In 2014 heeft het college aan [A] een omgevingsvergunning verleend voor het gebruik van het voormalige [gebouw] als Bed & Breakfast en het bij het [gebouw] realiseren van een orangerie, een spoorpaviljoen, een tuinpaviljoen en vier dijkverblijven. Het tuinpaviljoen en de dijkverblijven zijn daadwerkelijk gerealiseerd.
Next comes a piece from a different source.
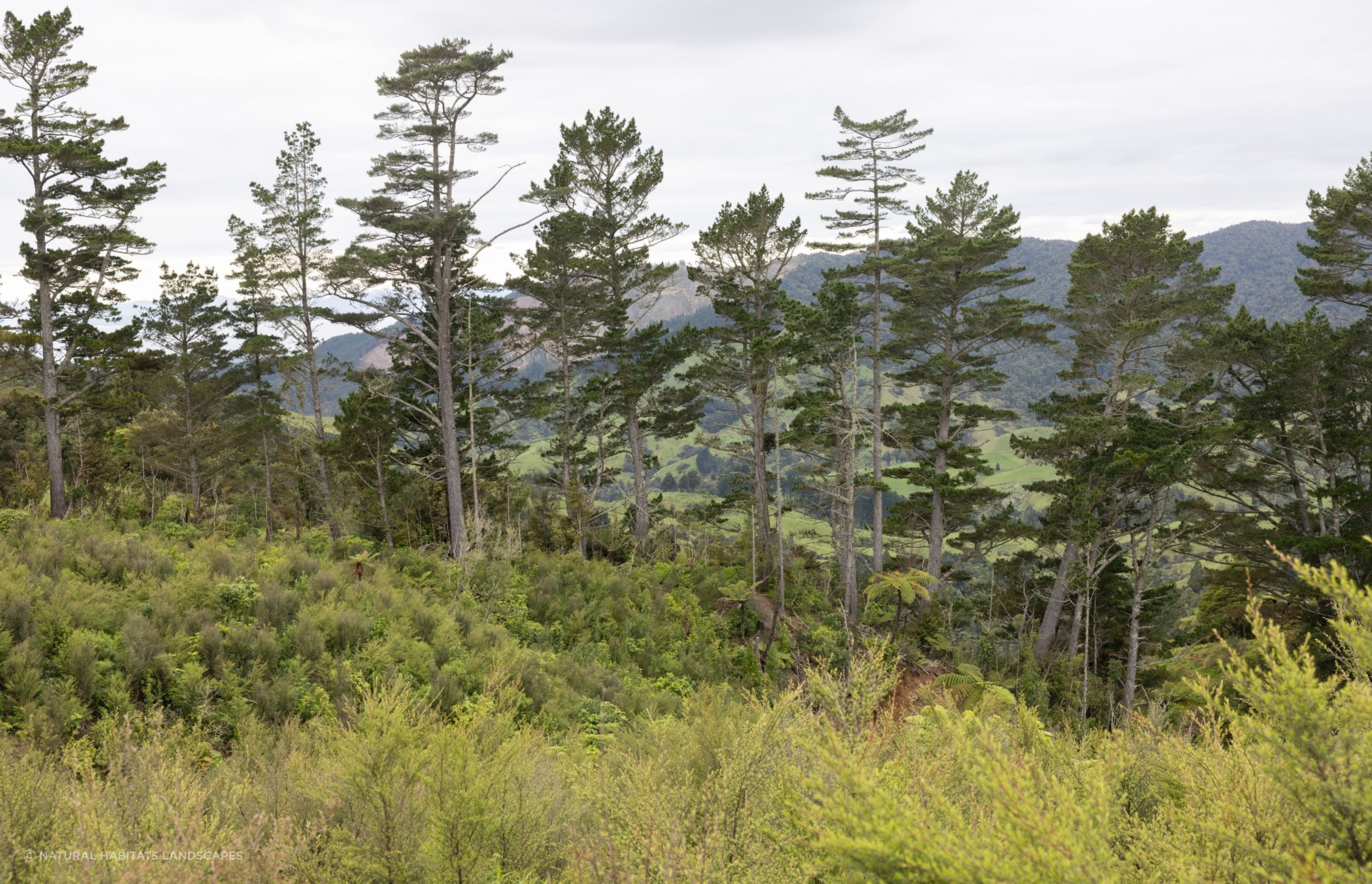 Hunua Reforestation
De orangerie en het spoorpaviljoen zijn niet gerealiseerd.
1.3.
In 2016 heeft het college opnieuw een omgevingsvergunning verleend voor [horecagelegenheid] . Nu is deze verleend aan [horecagelegenheid] B.V. voor het in strijd met de beheersverordening schenken van alcohol in de Bed & Breakfast en vergaderaccommodatie.
1.4.
Voor het schenken van alcohol is door de burgemeester van de gemeente De Ronde Venen in 2016 ook een exploitatievergunning verleend. Naar aanleiding van de bezwaren van enkele eisers en andere personen tegen deze exploitatievergunning is een mediationtraject gestart. Dat traject heeft geresulteerd in de ‘Uitgangspunten exploitatie [horecagelegenheid] , 30 mei 2018’.
1.5.
In deze uitspraak beoordeelt de rechtbank het beroep van eisers tegen de omgevingsvergunning die het college op 15 november 2021 aan vergunninghouder heeft verleend voor het wijzigen van het gebruik van [horecagelegenheid] naar een hotel/restaurant en de uitbreiding van het terras aan de zijgevel van het voormalige [gebouw] (de omgevingsvergunning). De omgevingsvergunning is verleend voor de activiteit handelen in strijd met de beheersverordening.
1.6.
Met het bestreden besluit van 14 juni 2022 op het bezwaar van eisers heeft het college de omgevingsvergunning met een aanvulling van de motivering in stand gelaten.
1.7.
Het college heeft op het beroep gereageerd met een verweerschrift. Vergunninghouder en de voormalig exploitant hebben gezamenlijk ook schriftelijk gereageerd.
1.8.
Voorafgaand aan de zitting heeft de rechtbank schriftelijk vragen gesteld aan het college. Deze vragen zijn door het college beantwoord en de andere partijen hebben op deze beantwoording schriftelijk gereageerd.
1.9.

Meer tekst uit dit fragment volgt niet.